Der Leuchtturm Lindesnes in Südnorwegen

Lindesnes mit seinem wunderschönen, alten Leuchtturm (Lindesnes fyr) ist meiner Meinung nach immer wieder einen Ausflug wert. Besuche doch einmal den ältesten und südlichsten Leuchtturm auf dem Festland, an der Südspitze Norwegens. Das Leuchtfeuer brennt seit dem 27. Februar 1655  und zeigt den Schiffen den Weg. Solltest Du Dich auf einer Kreuzfahrt befinden oder mit der Fähre weiter hoch bis nach Bergen fahren, den Leuchtturm Lindesnes siehst Du auch vom Schiff aus blinken.

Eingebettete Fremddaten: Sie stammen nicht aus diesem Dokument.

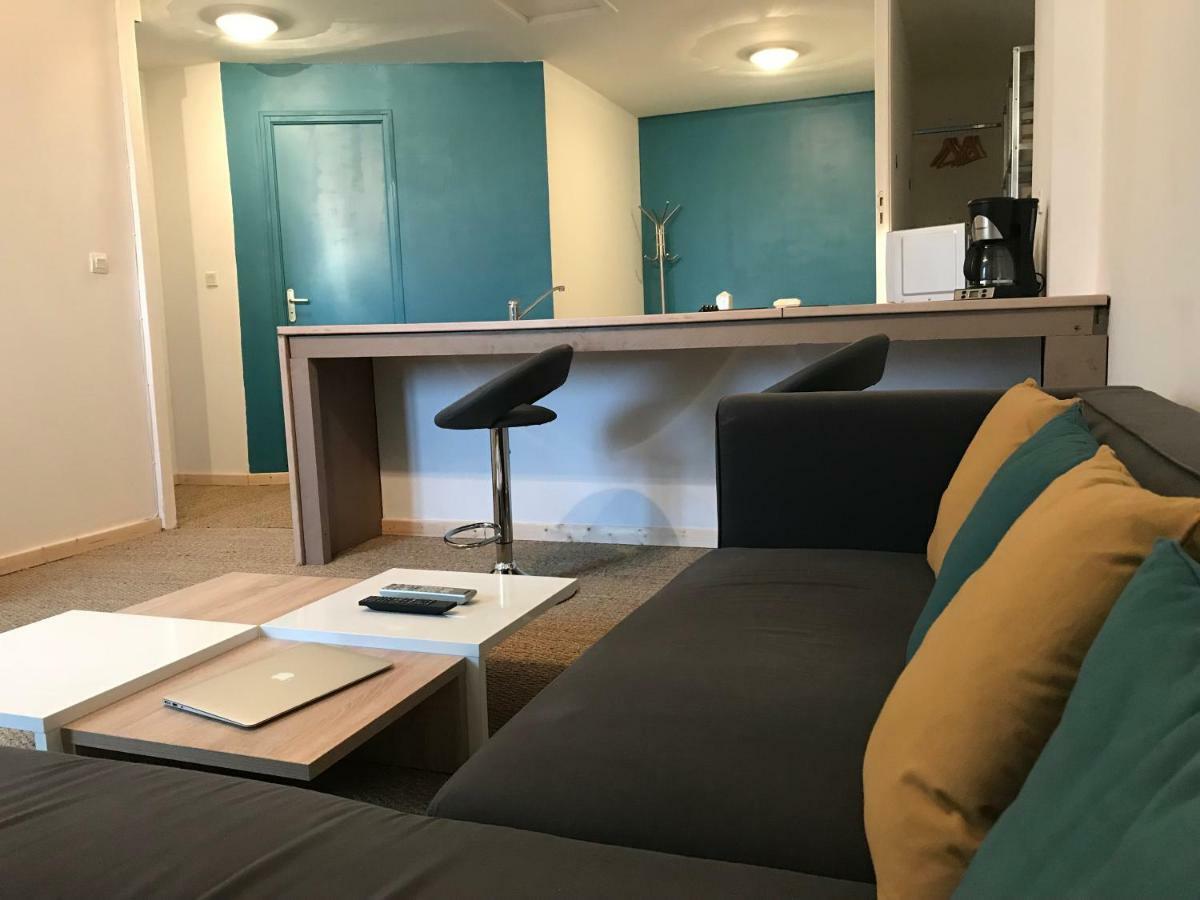 Location Dieppe Appartement Ngoại thất bức ảnh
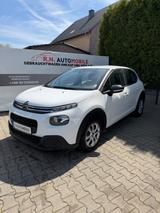 Citroën C3 Feel - Citroën C3 in Dortmund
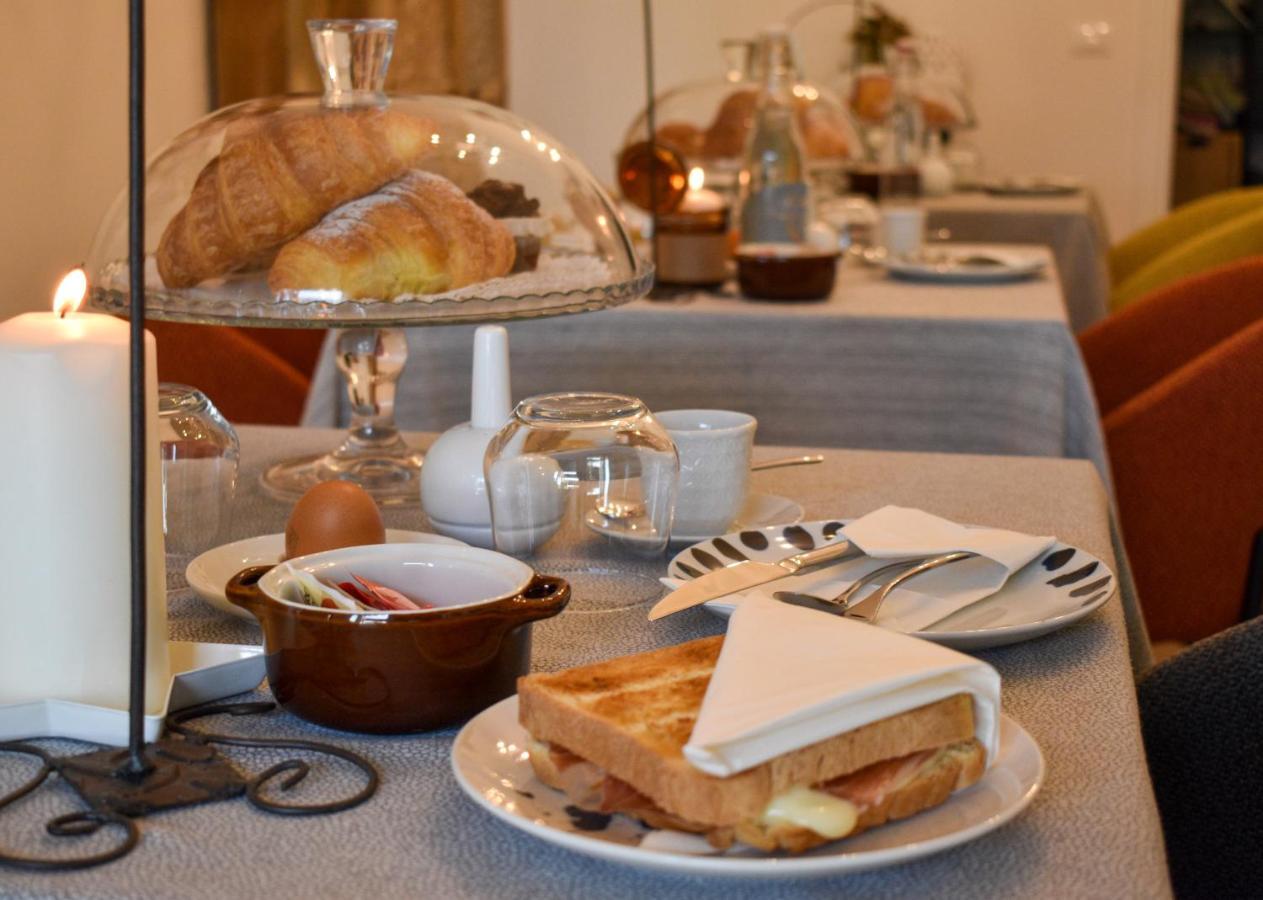 Bed And Breakfast Le Giale Castelnuovo del Garda Εξωτερικό φωτογραφία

Dieser Beitrag enthält persönliche Empfehlungen (mehr dazu auf meiner Transparenz-Seite)


Wo liegt Lindesnes?

Lindesnes ist eine Kommune in der Provinz „Vest-Agder“ in Norwegen. Die Kommune hat etwa 90 Kilometer Küstenlinie. Lindesnes liegt in etwa auf dem gleichen „Breitengrad“ wie Schottland.
Lindesnes entstand 1964 durch die Zusammenlegung der bis dahin eigenständigen Kommunen Spangereid, Vigmostad und Sør-Audnedal. Die größte Stadt in Lindesnes ist Vigeland, welche mit etwa 1.200 Einwohnern gleichzeitig das kommunalpolitische Zentrum ist.
Bekannt ist die Kommune vor allem durch das Kap Lindesnes, dem südlichsten Punkt Norwegens. Bis zum Nordkap sind es vom Kap Lindesnes 1.682 km Luftlinie. Dort liegt auch der südlichste Sandstrand Norwegens und das Lindesnes fyr, das älteste Leuchtfeuer des Landes (erbaut 1655). Der heutige Leuchtturm stammt aus dem Jahre 1915. In der unmittelbaren Umgebung des Leuchtturms befinden sich zahlreiche gut erhaltene Bunkeranlagen aus dem Zweiten Weltkrieg, die größtenteils frei begehbar sind. Eine weitere Sehenswürdigkeit ist die Galerie des Bildhauers Gustav Vigeland.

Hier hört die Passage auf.